| Task requirements |
Below are some records. Print exactly the lines between the one holding "Hähnchen Lo Mein" and the one holding "Čtyři bílé mřížky", inclusive, and nothing else.
*** Opening Recorded data ***
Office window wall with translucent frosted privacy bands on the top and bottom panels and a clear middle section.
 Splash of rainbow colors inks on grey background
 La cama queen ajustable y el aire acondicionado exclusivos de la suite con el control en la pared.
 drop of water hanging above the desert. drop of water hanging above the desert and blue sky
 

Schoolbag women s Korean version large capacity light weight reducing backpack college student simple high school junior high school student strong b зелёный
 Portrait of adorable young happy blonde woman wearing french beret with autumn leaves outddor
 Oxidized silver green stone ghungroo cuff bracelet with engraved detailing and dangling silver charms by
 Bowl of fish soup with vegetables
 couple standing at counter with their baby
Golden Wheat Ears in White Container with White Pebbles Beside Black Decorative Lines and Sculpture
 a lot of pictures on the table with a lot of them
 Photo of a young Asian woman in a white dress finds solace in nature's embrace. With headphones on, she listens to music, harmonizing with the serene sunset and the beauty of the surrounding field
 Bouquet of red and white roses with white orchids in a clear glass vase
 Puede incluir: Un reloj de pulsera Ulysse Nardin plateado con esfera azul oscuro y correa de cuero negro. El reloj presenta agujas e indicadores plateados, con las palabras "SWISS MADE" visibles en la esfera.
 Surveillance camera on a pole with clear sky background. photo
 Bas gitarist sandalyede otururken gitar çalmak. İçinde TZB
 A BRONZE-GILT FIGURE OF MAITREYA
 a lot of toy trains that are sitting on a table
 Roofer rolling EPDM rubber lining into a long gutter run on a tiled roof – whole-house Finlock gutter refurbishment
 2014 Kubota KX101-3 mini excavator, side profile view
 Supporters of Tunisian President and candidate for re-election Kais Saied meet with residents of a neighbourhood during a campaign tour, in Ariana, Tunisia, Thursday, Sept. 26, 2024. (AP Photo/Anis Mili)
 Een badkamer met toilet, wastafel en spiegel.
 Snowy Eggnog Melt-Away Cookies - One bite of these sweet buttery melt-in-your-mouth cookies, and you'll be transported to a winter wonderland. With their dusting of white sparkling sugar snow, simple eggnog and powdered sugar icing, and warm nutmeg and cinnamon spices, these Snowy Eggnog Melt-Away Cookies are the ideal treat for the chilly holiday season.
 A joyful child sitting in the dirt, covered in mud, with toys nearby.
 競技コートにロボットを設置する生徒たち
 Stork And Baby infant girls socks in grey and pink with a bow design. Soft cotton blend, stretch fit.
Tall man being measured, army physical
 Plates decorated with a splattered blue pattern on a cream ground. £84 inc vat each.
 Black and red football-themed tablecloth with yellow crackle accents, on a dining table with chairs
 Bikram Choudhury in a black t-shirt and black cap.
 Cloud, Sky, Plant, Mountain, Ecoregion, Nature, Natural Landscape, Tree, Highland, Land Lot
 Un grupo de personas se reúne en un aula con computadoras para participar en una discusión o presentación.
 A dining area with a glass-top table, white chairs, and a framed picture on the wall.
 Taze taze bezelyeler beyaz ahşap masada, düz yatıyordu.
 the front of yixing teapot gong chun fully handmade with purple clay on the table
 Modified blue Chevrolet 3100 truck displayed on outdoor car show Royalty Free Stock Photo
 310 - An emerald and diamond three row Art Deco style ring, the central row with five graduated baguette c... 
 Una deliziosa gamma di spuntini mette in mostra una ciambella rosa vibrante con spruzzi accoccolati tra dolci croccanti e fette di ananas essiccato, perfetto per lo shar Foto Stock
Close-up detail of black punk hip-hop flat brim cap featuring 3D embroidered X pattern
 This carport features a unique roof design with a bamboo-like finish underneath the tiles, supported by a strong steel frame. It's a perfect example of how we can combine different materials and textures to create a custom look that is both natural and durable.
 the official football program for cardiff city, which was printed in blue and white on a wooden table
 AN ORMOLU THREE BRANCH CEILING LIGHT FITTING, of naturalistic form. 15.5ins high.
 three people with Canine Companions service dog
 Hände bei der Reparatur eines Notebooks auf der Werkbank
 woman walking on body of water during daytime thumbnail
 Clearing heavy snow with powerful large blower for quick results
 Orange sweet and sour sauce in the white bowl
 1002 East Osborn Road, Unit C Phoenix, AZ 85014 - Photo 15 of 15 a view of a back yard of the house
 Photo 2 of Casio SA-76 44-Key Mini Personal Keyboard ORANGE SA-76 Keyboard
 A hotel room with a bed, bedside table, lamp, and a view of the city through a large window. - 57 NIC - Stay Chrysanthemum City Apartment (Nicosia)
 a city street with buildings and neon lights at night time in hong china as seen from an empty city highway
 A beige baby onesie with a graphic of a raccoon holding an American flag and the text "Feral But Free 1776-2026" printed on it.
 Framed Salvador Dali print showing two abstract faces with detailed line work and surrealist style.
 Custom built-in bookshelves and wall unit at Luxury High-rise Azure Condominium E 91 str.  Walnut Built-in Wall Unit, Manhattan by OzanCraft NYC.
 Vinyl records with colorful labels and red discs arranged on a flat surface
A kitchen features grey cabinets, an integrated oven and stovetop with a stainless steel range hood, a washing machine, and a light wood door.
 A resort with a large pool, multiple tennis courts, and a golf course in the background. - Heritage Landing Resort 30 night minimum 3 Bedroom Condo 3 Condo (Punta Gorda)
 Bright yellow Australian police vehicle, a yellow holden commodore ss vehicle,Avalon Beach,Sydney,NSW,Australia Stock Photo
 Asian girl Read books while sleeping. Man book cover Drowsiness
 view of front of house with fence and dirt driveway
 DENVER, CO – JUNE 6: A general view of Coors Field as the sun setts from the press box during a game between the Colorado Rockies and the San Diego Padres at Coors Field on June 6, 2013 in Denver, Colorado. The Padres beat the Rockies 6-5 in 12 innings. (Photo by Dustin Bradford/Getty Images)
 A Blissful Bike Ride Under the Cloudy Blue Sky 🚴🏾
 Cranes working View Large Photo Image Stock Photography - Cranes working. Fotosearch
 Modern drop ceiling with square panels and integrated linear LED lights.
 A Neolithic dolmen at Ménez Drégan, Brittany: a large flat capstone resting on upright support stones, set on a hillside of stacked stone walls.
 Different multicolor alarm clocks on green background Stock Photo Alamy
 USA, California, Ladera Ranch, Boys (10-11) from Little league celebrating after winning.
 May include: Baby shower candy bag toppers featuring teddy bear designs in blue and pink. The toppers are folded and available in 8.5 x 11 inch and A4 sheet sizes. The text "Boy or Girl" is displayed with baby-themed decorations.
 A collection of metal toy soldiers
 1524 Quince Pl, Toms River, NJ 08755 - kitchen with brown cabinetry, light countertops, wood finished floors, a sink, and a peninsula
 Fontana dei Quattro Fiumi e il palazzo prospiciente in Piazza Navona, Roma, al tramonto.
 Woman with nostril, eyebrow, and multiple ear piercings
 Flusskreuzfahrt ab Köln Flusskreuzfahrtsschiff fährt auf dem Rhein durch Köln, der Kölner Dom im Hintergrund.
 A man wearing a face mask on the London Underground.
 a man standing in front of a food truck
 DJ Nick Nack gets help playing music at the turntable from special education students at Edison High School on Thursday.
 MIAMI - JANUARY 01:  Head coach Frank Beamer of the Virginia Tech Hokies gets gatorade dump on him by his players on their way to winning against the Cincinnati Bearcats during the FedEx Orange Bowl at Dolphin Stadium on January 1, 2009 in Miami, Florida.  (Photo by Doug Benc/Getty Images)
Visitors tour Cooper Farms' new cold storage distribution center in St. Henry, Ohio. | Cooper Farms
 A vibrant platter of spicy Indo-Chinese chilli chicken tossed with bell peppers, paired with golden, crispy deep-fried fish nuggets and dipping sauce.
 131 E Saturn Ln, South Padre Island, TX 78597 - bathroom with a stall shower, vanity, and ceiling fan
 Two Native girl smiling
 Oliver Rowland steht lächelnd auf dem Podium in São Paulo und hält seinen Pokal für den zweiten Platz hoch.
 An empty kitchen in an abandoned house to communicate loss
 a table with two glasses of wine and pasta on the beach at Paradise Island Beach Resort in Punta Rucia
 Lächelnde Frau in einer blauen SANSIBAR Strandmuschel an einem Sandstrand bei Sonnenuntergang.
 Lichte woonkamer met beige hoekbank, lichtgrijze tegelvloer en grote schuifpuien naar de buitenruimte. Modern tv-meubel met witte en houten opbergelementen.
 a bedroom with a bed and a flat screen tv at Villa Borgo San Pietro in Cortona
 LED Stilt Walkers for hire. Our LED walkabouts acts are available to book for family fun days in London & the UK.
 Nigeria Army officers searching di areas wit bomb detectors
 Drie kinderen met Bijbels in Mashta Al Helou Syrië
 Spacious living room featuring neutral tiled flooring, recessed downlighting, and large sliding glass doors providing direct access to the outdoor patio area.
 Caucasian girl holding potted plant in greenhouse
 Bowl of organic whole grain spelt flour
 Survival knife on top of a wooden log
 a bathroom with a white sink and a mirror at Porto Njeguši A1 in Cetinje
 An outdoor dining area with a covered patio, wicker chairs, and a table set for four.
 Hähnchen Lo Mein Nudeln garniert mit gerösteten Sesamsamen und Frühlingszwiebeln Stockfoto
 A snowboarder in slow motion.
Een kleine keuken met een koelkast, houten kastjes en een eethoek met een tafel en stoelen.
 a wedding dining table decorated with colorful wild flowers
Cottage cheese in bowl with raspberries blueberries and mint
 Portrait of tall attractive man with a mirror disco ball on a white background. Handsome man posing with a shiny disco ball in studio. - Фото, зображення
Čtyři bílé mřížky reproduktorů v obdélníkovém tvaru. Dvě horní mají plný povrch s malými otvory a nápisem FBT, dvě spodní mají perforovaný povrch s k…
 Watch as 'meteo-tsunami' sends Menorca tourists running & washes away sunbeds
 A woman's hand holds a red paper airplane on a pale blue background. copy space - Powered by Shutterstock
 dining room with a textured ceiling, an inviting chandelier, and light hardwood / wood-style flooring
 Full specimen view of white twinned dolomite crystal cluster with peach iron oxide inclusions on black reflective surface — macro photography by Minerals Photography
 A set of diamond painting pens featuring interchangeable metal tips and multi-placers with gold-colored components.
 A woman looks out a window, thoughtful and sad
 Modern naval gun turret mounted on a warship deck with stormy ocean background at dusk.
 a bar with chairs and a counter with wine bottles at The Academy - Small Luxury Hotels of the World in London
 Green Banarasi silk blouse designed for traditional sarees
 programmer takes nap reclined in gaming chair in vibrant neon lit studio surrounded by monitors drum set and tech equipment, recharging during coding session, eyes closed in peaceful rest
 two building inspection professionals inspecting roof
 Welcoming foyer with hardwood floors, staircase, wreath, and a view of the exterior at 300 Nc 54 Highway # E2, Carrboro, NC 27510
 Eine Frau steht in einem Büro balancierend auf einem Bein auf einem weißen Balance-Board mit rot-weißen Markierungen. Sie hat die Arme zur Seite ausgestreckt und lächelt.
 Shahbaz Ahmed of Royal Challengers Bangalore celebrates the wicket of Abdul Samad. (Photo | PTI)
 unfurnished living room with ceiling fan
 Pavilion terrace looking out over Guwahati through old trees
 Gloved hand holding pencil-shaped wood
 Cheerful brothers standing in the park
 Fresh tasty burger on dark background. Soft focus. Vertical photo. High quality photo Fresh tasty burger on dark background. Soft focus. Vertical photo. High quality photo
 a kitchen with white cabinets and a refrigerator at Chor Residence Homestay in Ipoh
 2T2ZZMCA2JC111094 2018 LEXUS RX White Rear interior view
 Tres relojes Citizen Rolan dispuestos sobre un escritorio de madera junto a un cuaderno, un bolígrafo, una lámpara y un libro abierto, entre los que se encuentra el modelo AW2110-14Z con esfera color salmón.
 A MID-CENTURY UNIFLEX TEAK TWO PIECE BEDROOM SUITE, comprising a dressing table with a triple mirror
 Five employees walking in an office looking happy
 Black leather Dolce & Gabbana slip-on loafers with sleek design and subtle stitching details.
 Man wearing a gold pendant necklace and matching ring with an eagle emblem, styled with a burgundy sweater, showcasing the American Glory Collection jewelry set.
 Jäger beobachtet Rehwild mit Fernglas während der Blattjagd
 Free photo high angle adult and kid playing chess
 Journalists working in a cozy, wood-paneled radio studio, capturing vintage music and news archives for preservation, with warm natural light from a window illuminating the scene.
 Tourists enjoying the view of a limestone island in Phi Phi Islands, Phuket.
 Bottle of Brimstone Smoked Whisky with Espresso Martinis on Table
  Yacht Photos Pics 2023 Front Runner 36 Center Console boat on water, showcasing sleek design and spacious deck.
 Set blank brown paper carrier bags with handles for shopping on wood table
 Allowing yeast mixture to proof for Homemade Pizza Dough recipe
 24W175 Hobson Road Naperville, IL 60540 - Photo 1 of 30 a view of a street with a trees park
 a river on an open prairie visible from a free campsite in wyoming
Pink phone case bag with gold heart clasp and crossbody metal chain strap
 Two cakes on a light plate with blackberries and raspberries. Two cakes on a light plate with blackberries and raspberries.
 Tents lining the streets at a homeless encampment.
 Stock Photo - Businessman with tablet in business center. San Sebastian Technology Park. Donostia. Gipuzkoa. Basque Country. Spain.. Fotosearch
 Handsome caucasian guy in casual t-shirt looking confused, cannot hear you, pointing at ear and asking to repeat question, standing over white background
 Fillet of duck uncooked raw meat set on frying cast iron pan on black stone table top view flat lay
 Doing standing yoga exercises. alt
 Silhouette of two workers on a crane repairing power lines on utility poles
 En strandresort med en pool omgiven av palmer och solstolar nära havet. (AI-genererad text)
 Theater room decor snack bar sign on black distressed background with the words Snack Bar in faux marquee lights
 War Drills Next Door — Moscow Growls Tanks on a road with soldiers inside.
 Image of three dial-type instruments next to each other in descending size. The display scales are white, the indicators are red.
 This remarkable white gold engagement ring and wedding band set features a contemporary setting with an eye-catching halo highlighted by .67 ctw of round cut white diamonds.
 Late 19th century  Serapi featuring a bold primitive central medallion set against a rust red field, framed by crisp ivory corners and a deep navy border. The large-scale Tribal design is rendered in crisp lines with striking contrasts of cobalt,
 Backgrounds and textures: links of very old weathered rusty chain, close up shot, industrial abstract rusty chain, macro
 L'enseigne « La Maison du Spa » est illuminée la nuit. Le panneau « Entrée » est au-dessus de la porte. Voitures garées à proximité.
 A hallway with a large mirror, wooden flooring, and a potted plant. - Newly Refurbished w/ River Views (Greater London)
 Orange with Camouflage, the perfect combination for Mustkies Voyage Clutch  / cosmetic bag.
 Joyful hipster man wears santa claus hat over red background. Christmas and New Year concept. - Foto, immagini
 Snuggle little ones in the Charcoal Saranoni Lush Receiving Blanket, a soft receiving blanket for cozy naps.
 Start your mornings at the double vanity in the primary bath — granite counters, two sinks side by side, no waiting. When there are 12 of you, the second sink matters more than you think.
*** Closing Recorded data ***
| Written response |
 Hähnchen Lo Mein Nudeln garniert mit gerösteten Sesamsamen und Frühlingszwiebeln Stockfoto
 A snowboarder in slow motion.
Een kleine keuken met een koelkast, houten kastjes en een eethoek met een tafel en stoelen.
 a wedding dining table decorated with colorful wild flowers
Cottage cheese in bowl with raspberries blueberries and mint
 Portrait of tall attractive man with a mirror disco ball on a white background. Handsome man posing with a shiny disco ball in studio. - Фото, зображення
Čtyři bílé mřížky reproduktorů v obdélníkovém tvaru. Dvě horní mají plný povrch s malými otvory a nápisem FBT, dvě spodní mají perforovaný povrch s k…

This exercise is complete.